My experience illustrates the speed with which the information services can update their indexes and articles.

The New York Times index at your local library, for instance, may be weeks out of date. Without a computerized search you’d better either read “All the News That’s Fit to Print” every day or be willing to flip through perhaps a month’s worth of papers.

You can even read condensed articles daily from major papers on line—long before they thud against your door, which they may never do if they’re in cities a continent away. CompuServe offers the Washington Post, for instance, among others, plus the Associated Press, the major American wire service. The Source flashes bulletins from United Press International. And there are electronic editions of specialized publications like the U.S. News Washington Letter.

“Buy stocks now,” the Letter’s first electronic edition said presciently in 1982.

“The very next day, August 17,” gloated a news release from The Source, “the stock market went through the roof.”

Not surprisingly, big newspaper and magazine companies are tinkering with electronic information services. Often, rather than home computers, the services use Teletext (using cable television lines or broadcast TV) or Videotex (phone lines).

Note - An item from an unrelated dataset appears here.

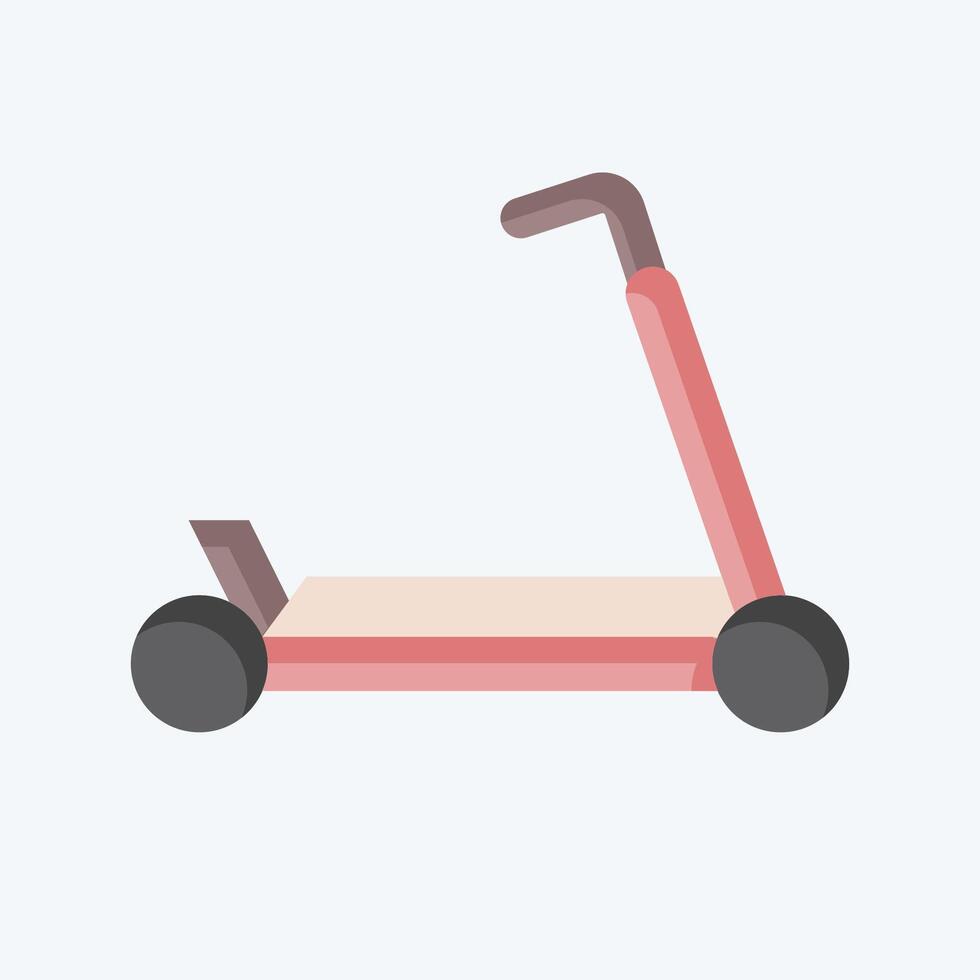 icône donner un coup scooter. en relation à patinage symbole. plat style. Facile conception illustration vecteur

Of course lines may fuzz between technologies. Television-based systems are growing cheaper; and someday your portable TV may have a built-in computer, a socket for a keyboard, and a flat, high-resolution screen fit for word processing and electronic mail. Call it a Vu-Write. Make it a first-class color television. But also a computer suited for clerks and professionals alike. Give it a memory system less quirky than floppy disks. Develop idiot-proof software selected by simple switches. Mass-produce a Selectric-style keyboard, detachable, or, eventually, a good voice recognizer. Throw in artificial speech, too, once it’s perfected, and include a built-in, high-speed modem or the equivalent. Sell the Vu-Write for $200 at the local Sears. Or perhaps to companies who can recruit clerical telecommuters by in effect offering free TVs.

Somewhere in Silicon Valley, a savvy company may be at work on a Vu-Write now; and if it succeeds, maybe mass telecommuting will be with us sooner than anyone thought.